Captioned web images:
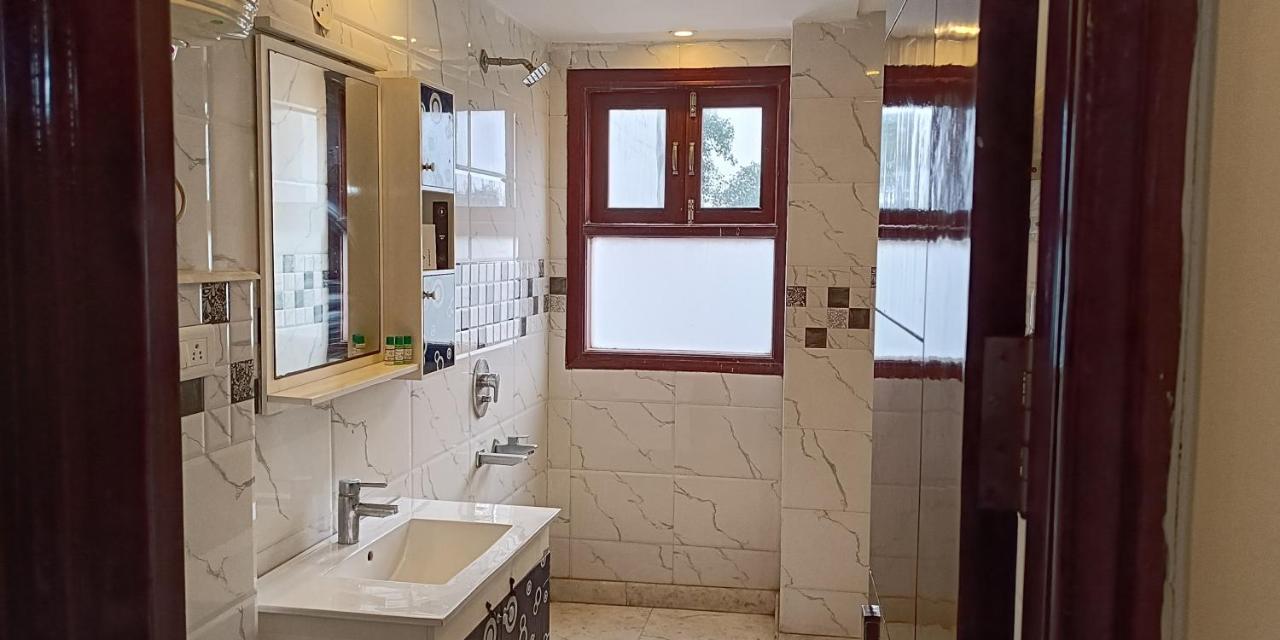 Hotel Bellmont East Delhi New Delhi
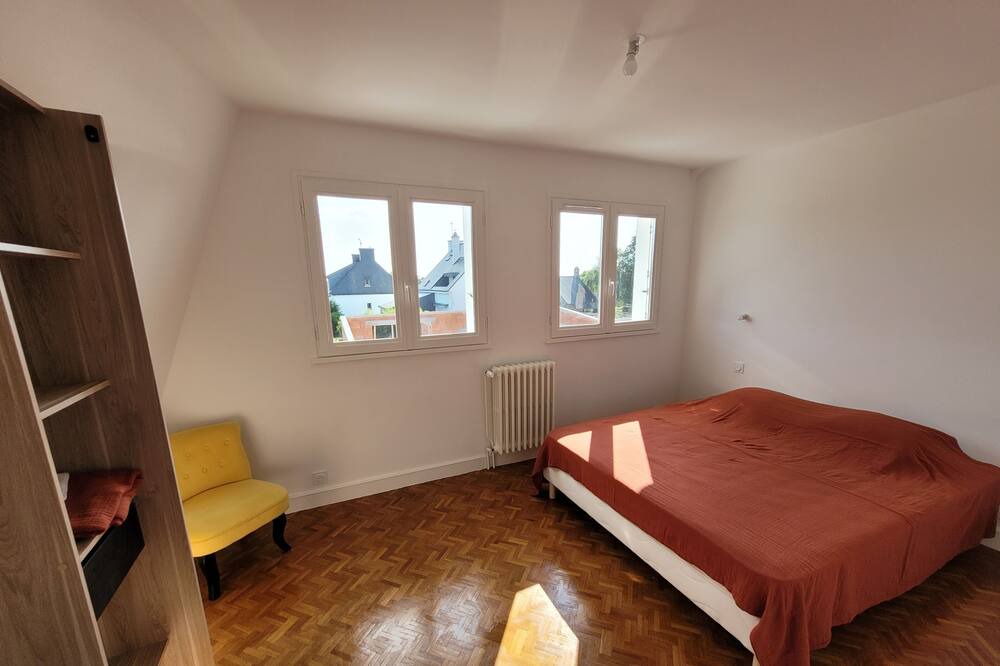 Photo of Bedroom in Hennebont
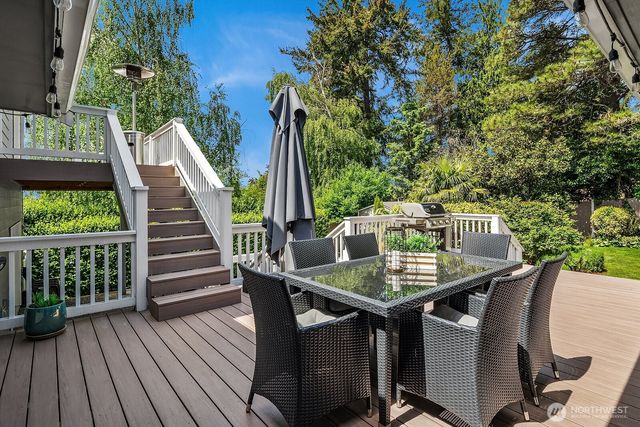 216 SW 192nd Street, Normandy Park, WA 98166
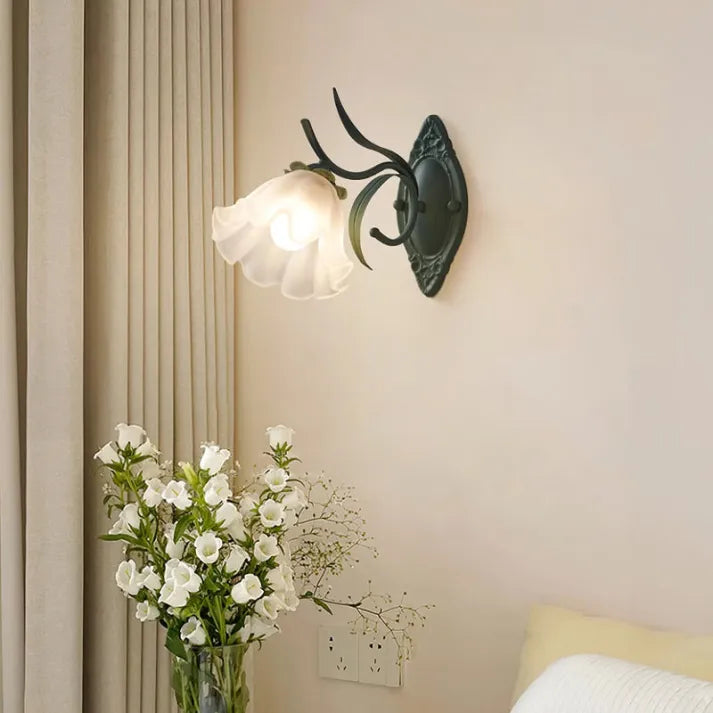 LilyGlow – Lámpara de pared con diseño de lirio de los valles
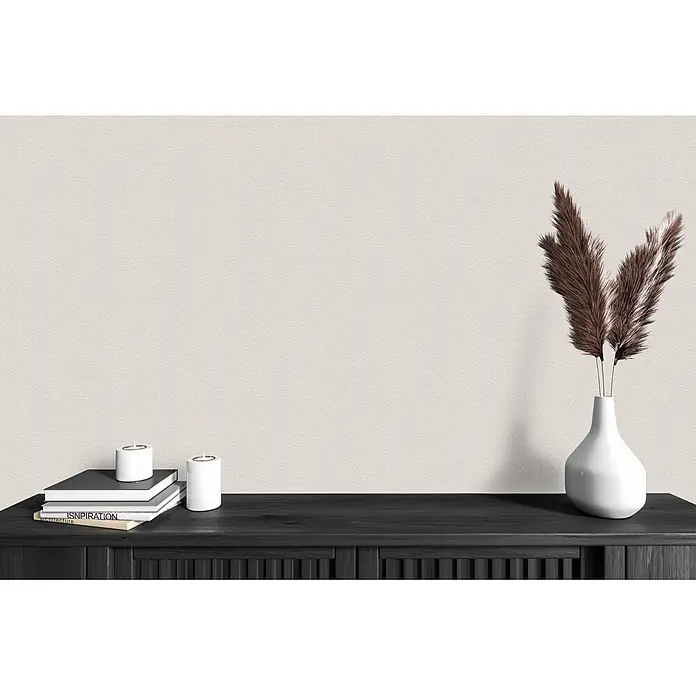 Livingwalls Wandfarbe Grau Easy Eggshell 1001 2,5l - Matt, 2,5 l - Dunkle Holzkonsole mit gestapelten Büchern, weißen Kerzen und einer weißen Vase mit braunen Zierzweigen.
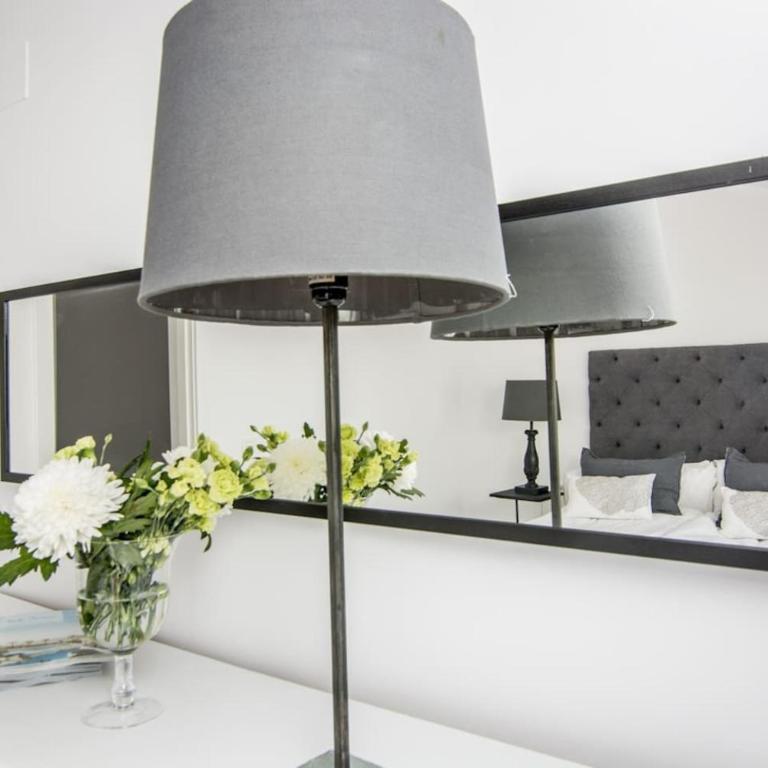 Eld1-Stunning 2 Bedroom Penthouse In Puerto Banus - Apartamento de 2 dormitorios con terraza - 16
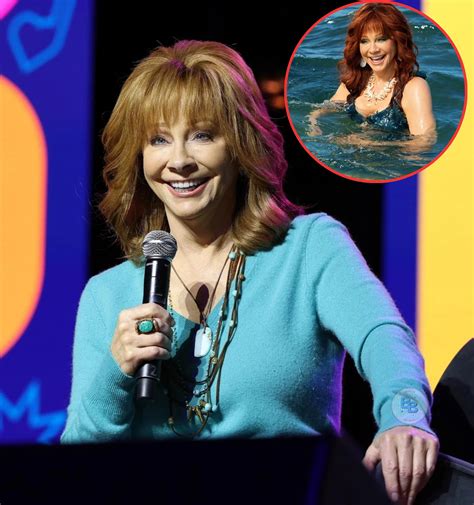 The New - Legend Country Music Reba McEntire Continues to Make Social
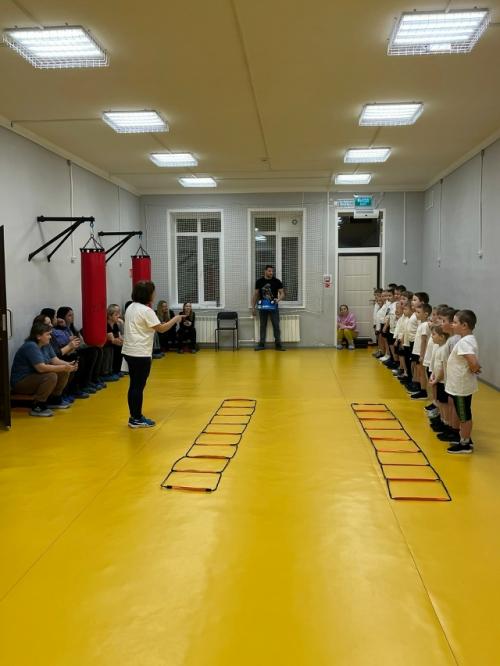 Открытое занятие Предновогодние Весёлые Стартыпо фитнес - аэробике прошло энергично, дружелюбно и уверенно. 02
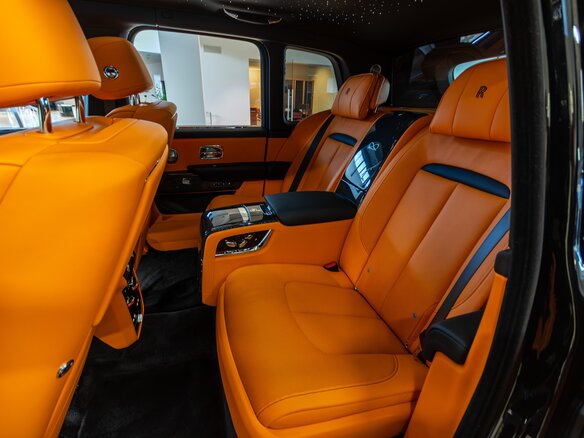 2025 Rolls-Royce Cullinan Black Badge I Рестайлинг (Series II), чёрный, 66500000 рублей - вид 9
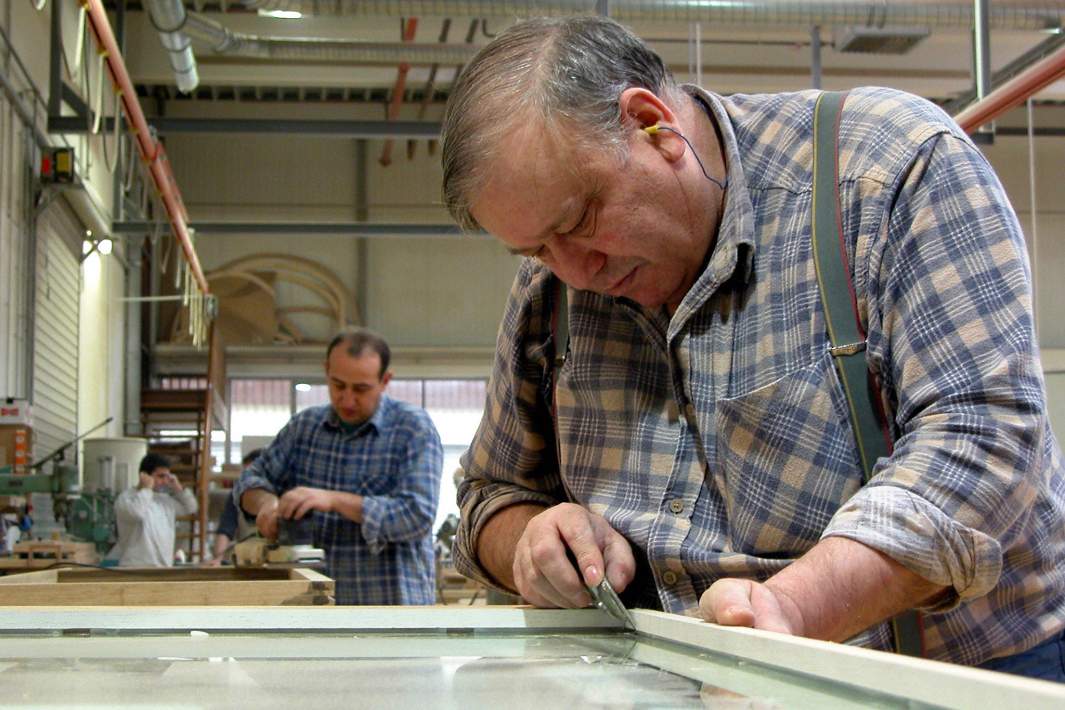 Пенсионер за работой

What you have to do
Where the line containing "Открытое занятие Предновогодние" appears in the data above, begin there and output every line through the last, exactly and without pictures.

Task solution
 Открытое занятие Предновогодние Весёлые Стартыпо фитнес - аэробике прошло энергично, дружелюбно и уверенно. 02
 2025 Rolls-Royce Cullinan Black Badge I Рестайлинг (Series II), чёрный, 66500000 рублей - вид 9
 Пенсионер за работой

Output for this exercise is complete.